İkinci yarıda aynı “davetkâr” tavırlar Galatasaray savunmasından geldi. Göztepe’nin oyunu 2-1’e getirdiği dakikalarda skor çok açık 4-1’e gelirdi. Böyle farka gitmesi, aslında skorun 2-1’e kalmasından daha kolaydı. Göztepe zoru yaptı, farkı bulamadı. Serdar işbirliği ile çok hızlı bir gole imza atan Halil, iki mutlak fırsatı kaçırmasa, Jerome çok elverişli durumda topu Muslera’ya nişanlamasa, Serdar’ın vuruşu direkten dönmese, Galatasaray için “yılın en uzun gecesi” tam bir kabus olurdu.
Elbette benzer durum, Galatasaray için de geçerli... Sakatlığı, fizik gücü ne olursa olsun, Falcao gibi bir dünya markası Beto ile karşı karşıya kaldığı pozisyonu gol yapmalıydı. Falcao o kadar etkisiz vurdu ki, Beto gibi bir tecrübeye o topu yatıp almak zor olmadı. Hemen sonrasında bomboş durumda Adem’in dışarı giden son derece kötü ve etkisiz kafa vuruşu...

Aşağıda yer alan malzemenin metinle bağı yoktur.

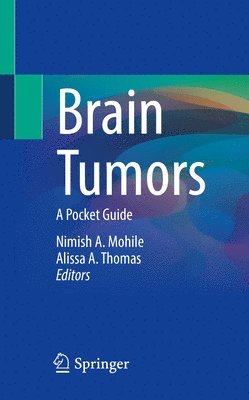 Nimish A. Mohile, Alissa A. Thomas - Brain Tumors, Häftad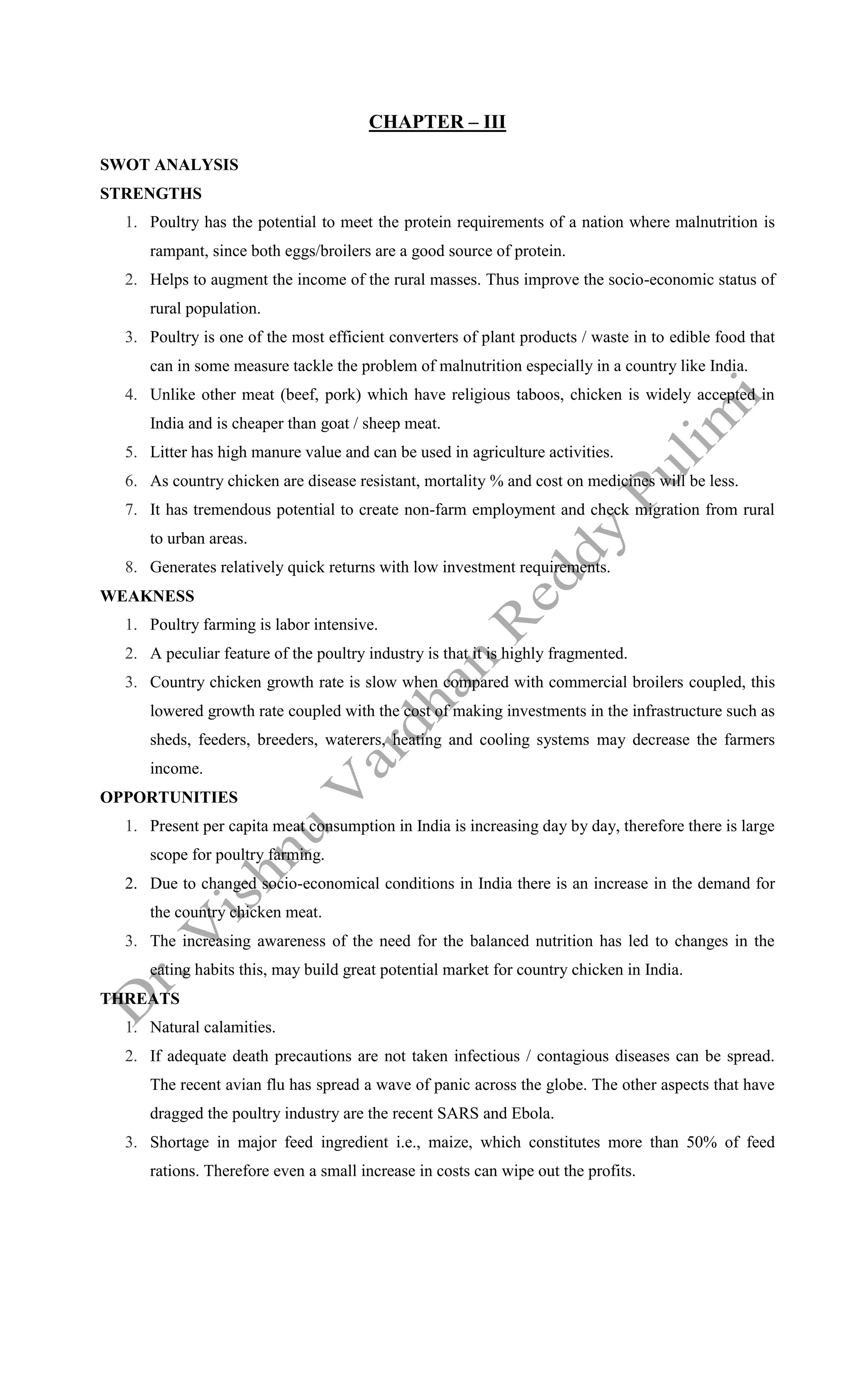 CHAPTER – III
SWOT ANALYSIS
STRENGTHS
1. Poultry has the potential to meet the protein requirements of a nation where malnutrition is
rampant, since both eggs/broilers are a good source of protein.
2. Helps to augment the income of the rural masses. Thus improve the socio-economic status of
rural population.
3. Poultry is one of the most efficient converters of plant products / waste in to edible food that
can in some measure tackle the problem of malnutrition especially in a country like India.
4. Unlike other meat (beef, pork) which have religious taboos, chicken is widely accepted in
India and is cheaper than goat / sheep meat.
5. Litter has high manure value and can be used in agriculture activities.
6. As country chicken are disease resistant, mortality % and cost on medicines will be less.
7. It has tremendous potential to create non-farm employment and check migration from rural
to urban areas.
8. Generates relatively quick returns with low investment requirements.
WEAKNESS
1. Poultry farming is labor intensive.
2. A peculiar feature of the poultry industry is that it is highly fragmented.
3. Country chicken growth rate is slow when compared with commercial broilers coupled, this
lowered growth rate coupled with the cost of making investments in the infrastructure such as
sheds, feeders, breeders, waterers, heating and cooling systems may decrease the farmers
income.
OPPORTUNITIES
1. Present per capita meat consumption in India is increasing day by day, therefore there is large
scope for poultry farming.
2. Due to changed socio-economical conditions in India there is an increase in the demand for
the country chicken meat.
3. The increasing awareness of the need for the balanced nutrition has led to changes in the
eating habits this, may build great potential market for country chicken in India.
THREATS
1. Natural calamities.
2. If adequate death precautions are not taken infectious / contagious diseases can be spread.
The recent avian flu has spread a wave of panic across the globe. The other aspects that have
dragged the poultry industry are the recent SARS and Ebola.
3. Shortage in major feed ingredient i.e., maize, which constitutes more than 50% of feed
rations. Therefore even a small increase in costs can wipe out the profits.
 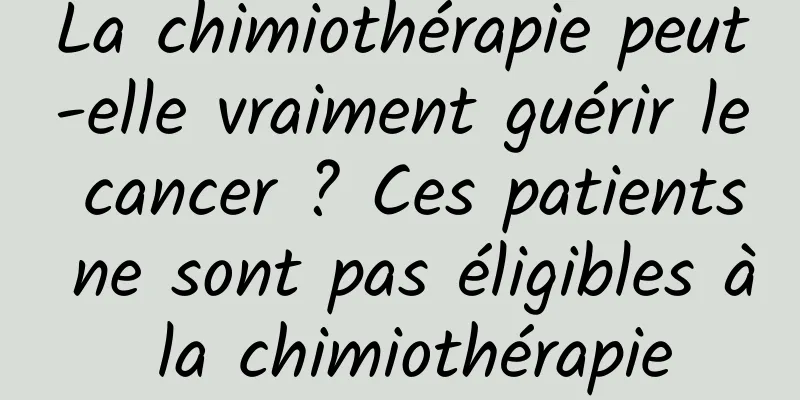 La chimiothérapie peut-elle vraiment guérir le cancer ? Ces patients ne sont pas éligibles à la chimiothérapie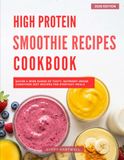High Protein Smoothie Recipes Cookbook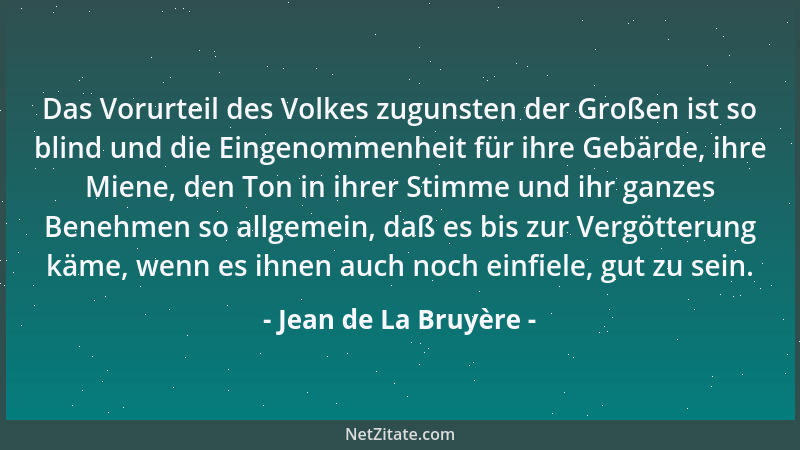 Jean de La Bruyère - Das Vorurteil des Volkes zugunsten der Großen ist so blind und die Eingenommenheit für ihre Gebärde, i...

Savunmalar bu kadar “davetkâr” olurken, orta sahalar “otoban” hızıyla geçilirken, hücumcular bu şansı kullanıp “Bol keseden” pozisyon harcamasa, bu maç iki tarafın atacağı dörder-beşer golle biterdi. Kabul edelim ki, daha fazla pozisyona giren, daha fazla kaçıran Göztepe oldu.
Fatih Hoca, “Savunmada sorun yok, gol atamıyoruz” demişti. Göztepe maçında güvendiği dağlara kar yağdı, savunma çöktü. Galatasaray’ın ağlarında gördüğü iki gol, savunması dikkate alınınca, yiyebileceği en az goldü. Göztepe savunmada çok geniş alanlar bıraktığı ilk yarıyı kazasız-belasız atlattıktan sonra, ikinci yarıdaki mücadelesi ile hakkı olan galibiyeti aldı. Atabileceği en az golü atarak...
Galatasaray’ı tanımakta zorlanıyorum, Fatih Hoca’yı tanımakta zorlanıyorum, son iki yılın şampiyonu futbolculara inanamıyorum. Ne oldu size böyle, ne oldu?